Tess Vigeland: It’s the first day of a new quarter today. We can only hope that the springtime green shoots we saw in the economy continue to flower through the summer. But will the recovery, when it comes, be V-shaped or U-shaped? That’s the hot debate among pointy-heads who think we’re near bottom right now. But today’s commentary from Robert Reich is brought to you by another letter…X.


ROBERT REICH: The V-shapers are the optimists who look back at prior recessions and conclude that the faster an economy drops, the faster it gets back on track. And because this economy fell off a cliff late last fall, they expect it to roar to life early next year. Hence the V shape.

Unfortunately, the V-shapers are looking back at the wrong recessions. Focus on those that started with the bursting of a giant speculative bubble, and you see slow recoveries because asset values at bottom are so low, investor confidence returns only gradually. That’s where the more sober U-shapers come in.

Personally, I don’t buy into either camp because in a recession this deep, recovery doesn’t depend on investors. It depends on consumers who, after all, are 70 percent of the economy. And this time they got really whacked. Until consumers start spending again, you can forget any recovery, V or U shaped.

Problem is, they won’t start spending until they have money in their pockets and feel reasonably secure.
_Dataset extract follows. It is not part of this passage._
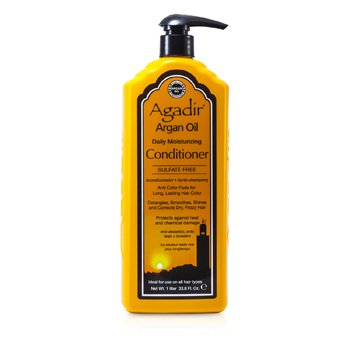 Agadir Argan Oil Condicionador Daily Hidratante ( todos os tipos de cabelo )
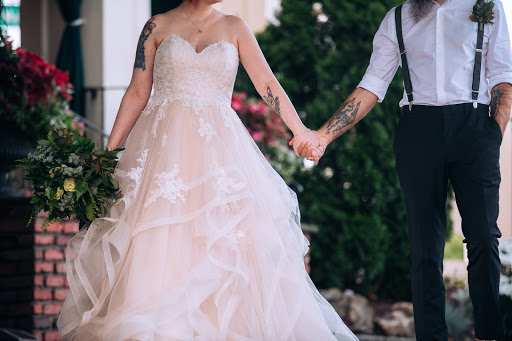 Bridal Shop «Sew N Sew Bridal & Tuxedo», reviews and photos, 191 NJ-15 #108, Lafayette Township, NJ 07848, USA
But they don’t have the money, and it’s hard to see where it will come from. They can’t borrow. Their homes are worth a fraction of what they were before, so say goodbye to home equity loans and refinancings. Unemployment continues to rise, and number of hours at work, to drop. Those who can are saving. Those who can’t are hunkering down, as they should.
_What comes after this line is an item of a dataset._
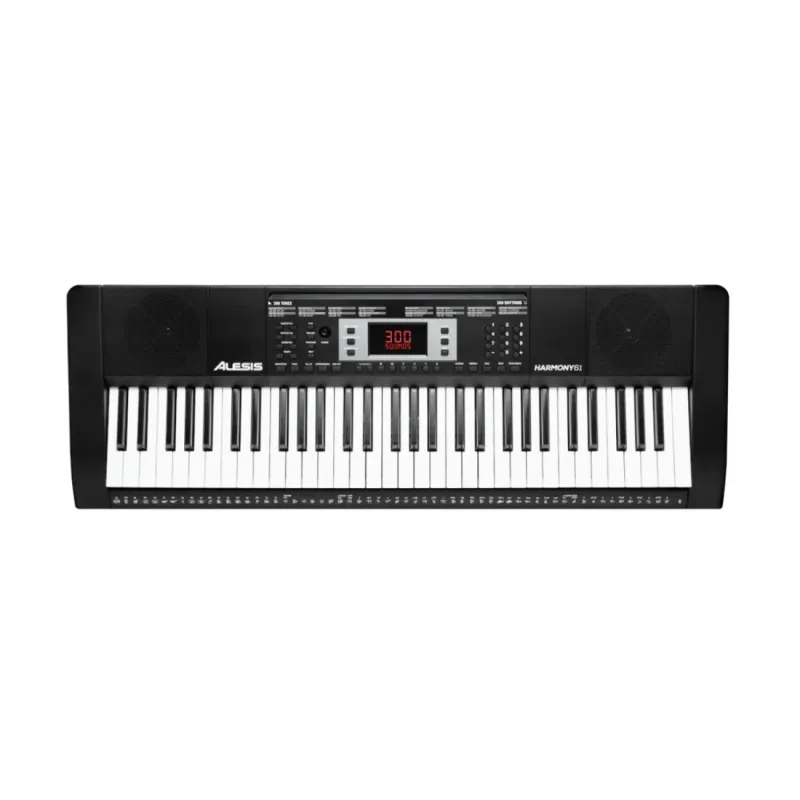 Organo Alesis Harmony 61 Teclas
Eventually consumers will replace cars and appliances and other stuff that wears out, but a recovery can’t be built on replacements. Don’t expect businesses to invest much more without lots of consumers hankering after lots of new stuff. And don’t rely on exports. The global economy is contracting.
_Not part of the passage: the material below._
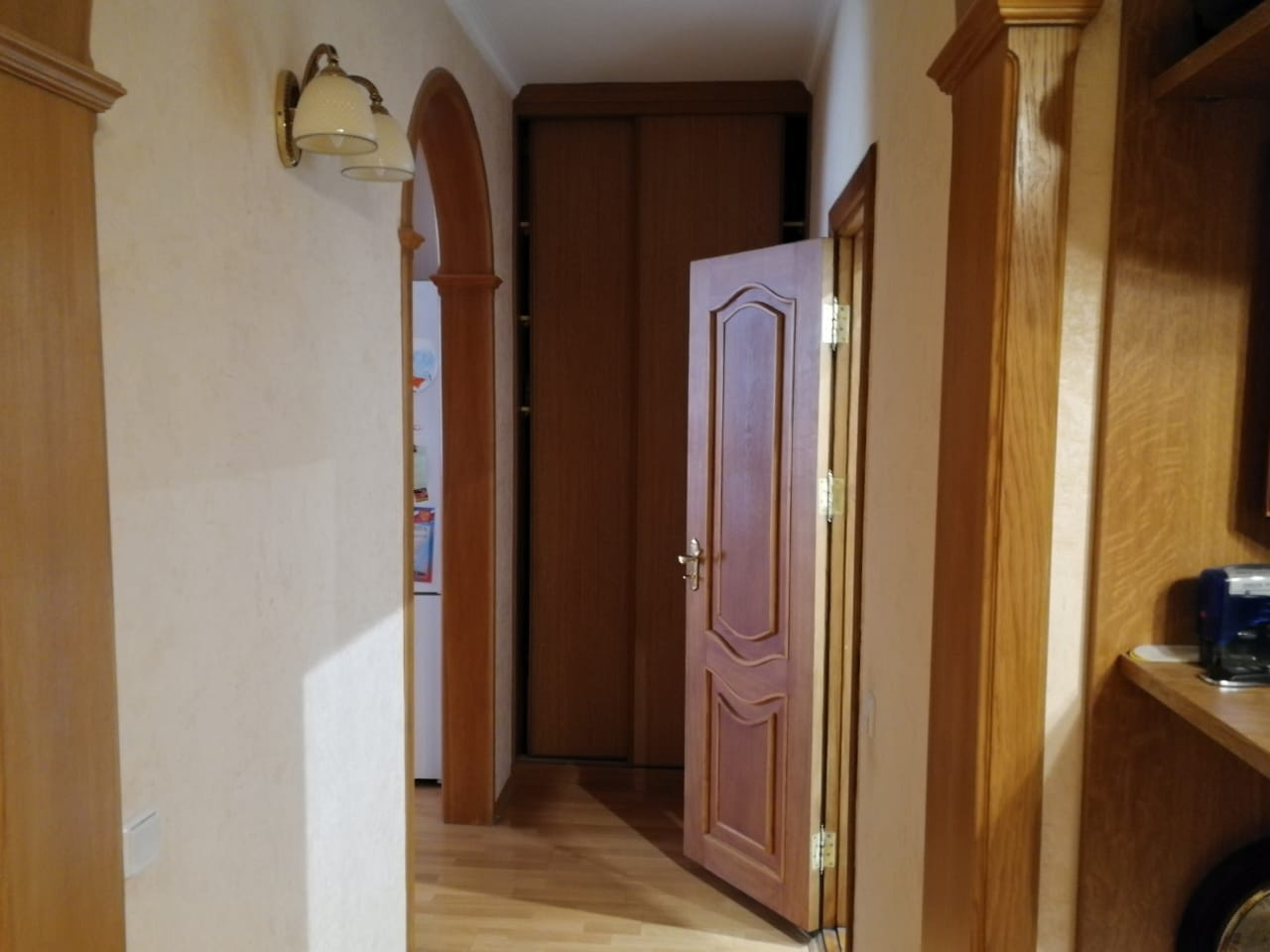 1-комнатная квартира, 69 м² - фото 4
My prediction, then? Not a V, not a U. But an X. This economy can’t get back on track because the track we were on for years, featuring flat or declining median wages, mounting consumer debt, and widening insecurity, not to mention increasing carbon in the atmosphere, simply cannot be sustained.

The X marks a brand new track. A new economy. What will it look like? Right now, we just don’t know.

VIGELAND: Robert Reich teaches public policy at the University of California, Berkeley.